(PROVIDED DATA)
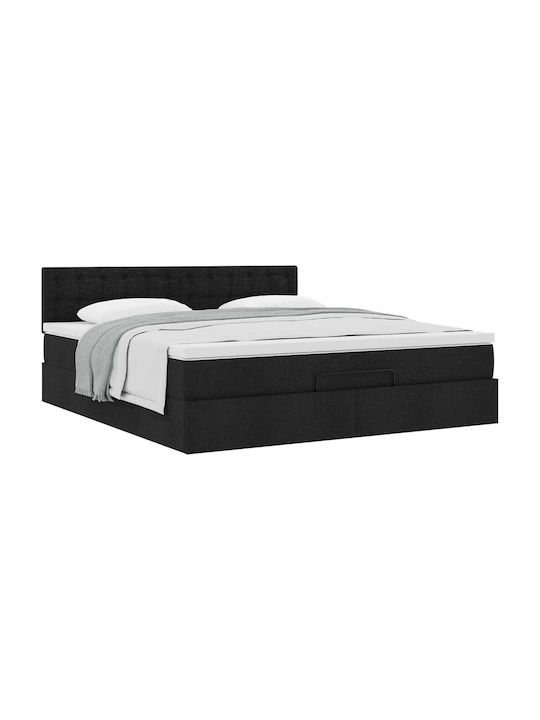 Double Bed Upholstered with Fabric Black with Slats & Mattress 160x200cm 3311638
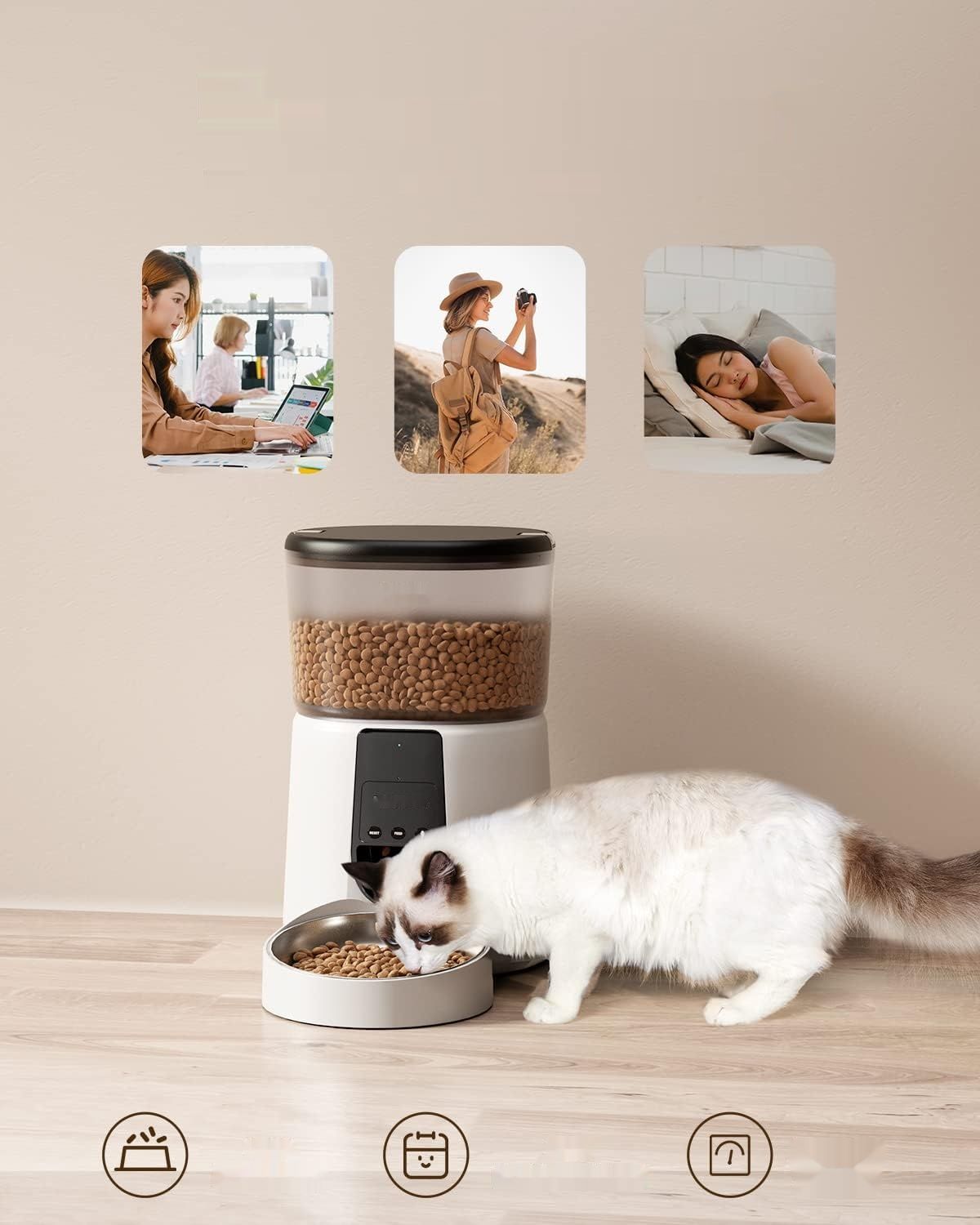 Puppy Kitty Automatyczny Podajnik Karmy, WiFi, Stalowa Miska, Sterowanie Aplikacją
(End PROVIDED DATA)
(PROVIDED DATA)
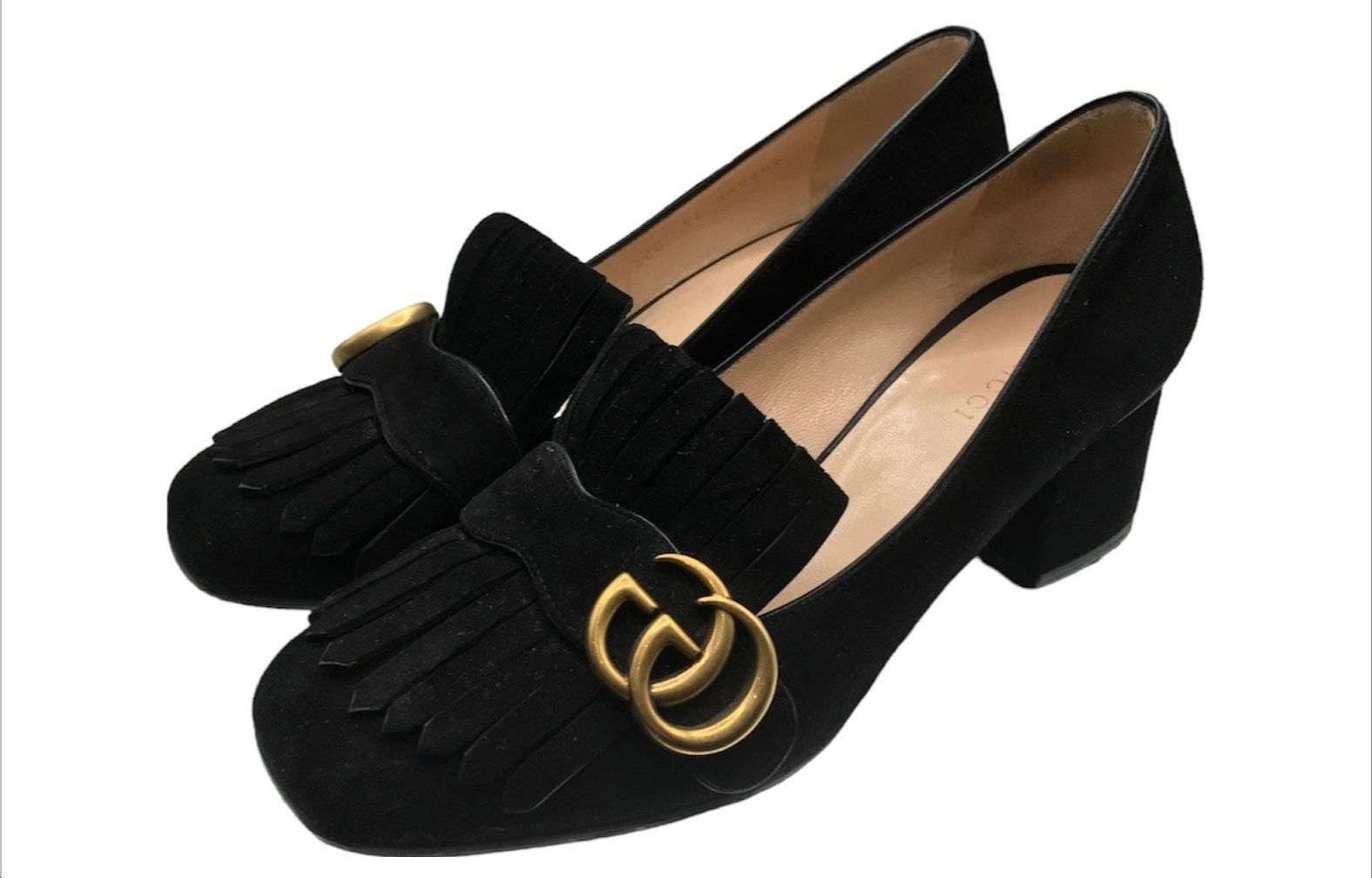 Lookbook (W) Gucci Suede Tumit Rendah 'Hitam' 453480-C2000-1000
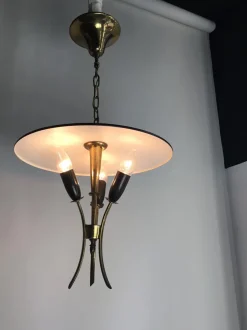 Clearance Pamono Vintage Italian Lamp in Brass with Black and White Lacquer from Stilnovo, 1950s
(End PROVIDED DATA)
(PROVIDED DATA)
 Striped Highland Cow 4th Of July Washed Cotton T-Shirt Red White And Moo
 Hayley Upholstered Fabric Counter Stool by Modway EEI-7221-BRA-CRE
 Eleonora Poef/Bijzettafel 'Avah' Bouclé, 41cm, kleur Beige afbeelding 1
(End PROVIDED DATA)
▸ TASK REQUIREMENTS
The copy should hold only the lines from the one with "Double Bed Upholstered" through the one with "Puppy Kitty Automatyczny", exactly as they stand above. Leave out the pictures.

▸ SOLUTION BELOW
 Double Bed Upholstered with Fabric Black with Slats & Mattress 160x200cm 3311638
 Puppy Kitty Automatyczny Podajnik Karmy, WiFi, Stalowa Miska, Sterowanie Aplikacją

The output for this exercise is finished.